A US$2.2 billion deal 3Com had been planning involving a private-equity group and a Chinese telecommunications firm apparently fell apart Wednesday over security concerns.
3Com, a Marlborough, Mass.-based network equipment manufacturer, had agreed in September to accept an offer of $5.30 per share from Boston-based Bain Capital Partners and Huawei Technologies. However, the proposed deal set off a wave of worries in Washington over Huawei’s ties to the Chinese government, and 3Com said Wednesday it had withdrawn its application to the Committee on Foreign Investment in the United States (CFIUS).
Shares in 3Com had plummeted nearly 20 percent by midday, to US$2.99 on the Nasdaq stock exchange, in the wake of the announcement. The stock had reached $5.11 on Sept. 28, the day the planned agreement was announced.
The deal likely is dead, and possibly for more reasons than the chance of military technology being funneled to China, Ken Dulaney, an analyst with Gartner, told the E-Commerce Times. “When I see these kind of withdrawals, it’s generally not just that one thing.”

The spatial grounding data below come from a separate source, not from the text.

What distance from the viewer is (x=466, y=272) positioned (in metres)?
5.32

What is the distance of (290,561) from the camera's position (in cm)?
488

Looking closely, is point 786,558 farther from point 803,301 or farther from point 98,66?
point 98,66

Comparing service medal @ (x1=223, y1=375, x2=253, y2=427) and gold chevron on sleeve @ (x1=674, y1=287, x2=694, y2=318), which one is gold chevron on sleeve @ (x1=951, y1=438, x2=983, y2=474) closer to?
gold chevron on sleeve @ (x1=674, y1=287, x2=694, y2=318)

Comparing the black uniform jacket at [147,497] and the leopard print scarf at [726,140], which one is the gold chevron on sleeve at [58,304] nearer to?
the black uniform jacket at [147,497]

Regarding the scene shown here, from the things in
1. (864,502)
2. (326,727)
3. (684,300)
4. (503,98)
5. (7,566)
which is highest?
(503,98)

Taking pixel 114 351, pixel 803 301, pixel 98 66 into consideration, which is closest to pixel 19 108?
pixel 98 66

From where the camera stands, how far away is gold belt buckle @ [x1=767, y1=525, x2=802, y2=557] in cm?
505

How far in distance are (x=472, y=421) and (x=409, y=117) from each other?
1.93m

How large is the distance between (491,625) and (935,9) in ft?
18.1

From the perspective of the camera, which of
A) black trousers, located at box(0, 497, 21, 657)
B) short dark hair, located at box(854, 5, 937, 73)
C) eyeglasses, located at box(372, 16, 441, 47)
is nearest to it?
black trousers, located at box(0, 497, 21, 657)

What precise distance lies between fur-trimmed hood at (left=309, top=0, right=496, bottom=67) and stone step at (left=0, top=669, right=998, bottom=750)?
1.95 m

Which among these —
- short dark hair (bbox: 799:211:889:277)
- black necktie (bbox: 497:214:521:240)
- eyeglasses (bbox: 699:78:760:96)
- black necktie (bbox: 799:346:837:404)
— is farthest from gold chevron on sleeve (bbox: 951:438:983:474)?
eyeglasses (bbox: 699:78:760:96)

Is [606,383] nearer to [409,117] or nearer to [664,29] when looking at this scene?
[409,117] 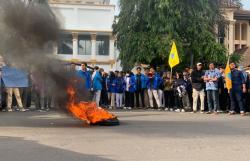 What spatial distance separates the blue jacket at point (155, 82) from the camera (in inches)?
→ 868

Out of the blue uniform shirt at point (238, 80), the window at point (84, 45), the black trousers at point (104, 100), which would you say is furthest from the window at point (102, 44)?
the blue uniform shirt at point (238, 80)

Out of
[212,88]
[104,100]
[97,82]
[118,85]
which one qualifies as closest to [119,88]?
[118,85]

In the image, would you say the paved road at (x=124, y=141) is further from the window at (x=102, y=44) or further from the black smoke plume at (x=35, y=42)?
the window at (x=102, y=44)

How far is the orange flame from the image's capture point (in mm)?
12875

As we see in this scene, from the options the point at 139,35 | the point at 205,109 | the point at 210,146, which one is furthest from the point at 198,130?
Result: the point at 139,35

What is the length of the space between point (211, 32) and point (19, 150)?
1015 inches

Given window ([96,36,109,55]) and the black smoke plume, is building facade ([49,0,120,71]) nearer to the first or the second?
window ([96,36,109,55])

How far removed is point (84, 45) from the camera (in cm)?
5572

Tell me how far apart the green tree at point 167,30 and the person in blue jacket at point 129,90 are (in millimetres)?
8751

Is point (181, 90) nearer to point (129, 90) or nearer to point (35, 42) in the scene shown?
point (129, 90)

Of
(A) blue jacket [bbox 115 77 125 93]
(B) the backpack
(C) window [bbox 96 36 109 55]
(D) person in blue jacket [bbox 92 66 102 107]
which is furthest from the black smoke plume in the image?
(C) window [bbox 96 36 109 55]

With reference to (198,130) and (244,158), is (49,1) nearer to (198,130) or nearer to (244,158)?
(198,130)

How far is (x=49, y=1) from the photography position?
1394 centimetres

3Com, founded in 1979 and a major player in Ethernet development, as well as the former parent of Palm, has had major management issues, Dulaney said. “I also suspect maybe Bain was looking at how 3Com has not been doing as well as previously. They’ve been kind of fading away — there have been ups and downs with 3Com. They had the world at their feet a number of years back and never capitalized on that.”
Palm Spinoff Mishandled
A mishandled 3Com spinoff of Palm in 2000 is a root of Palm’s — and 3Com’s — current travails, Dulaney noted.
“They mismanaged the spinoff of the software,” he said. “They never licensed the stuff properly. They missed generations of hardware design. They didn’t expand well enough. I blamed all that on 3Com. That put Palm in a position that was very poor.”
3Com’s ventures have had similar experiences, which could be giving Bain second thoughts, Dulaney commented. “I suspect maybe Bain is saying there’s not as much strength there as much as they thought.”
3Com relocated to Massachusetts in 2003, the same year the company entered into a 51-49 percent partnership with Huawei. Last fall, 3Com bought out Huawei’s stake for $882 million.
The deal with Bain isn’t dead, but it is certainly hurting, 3Com officials said.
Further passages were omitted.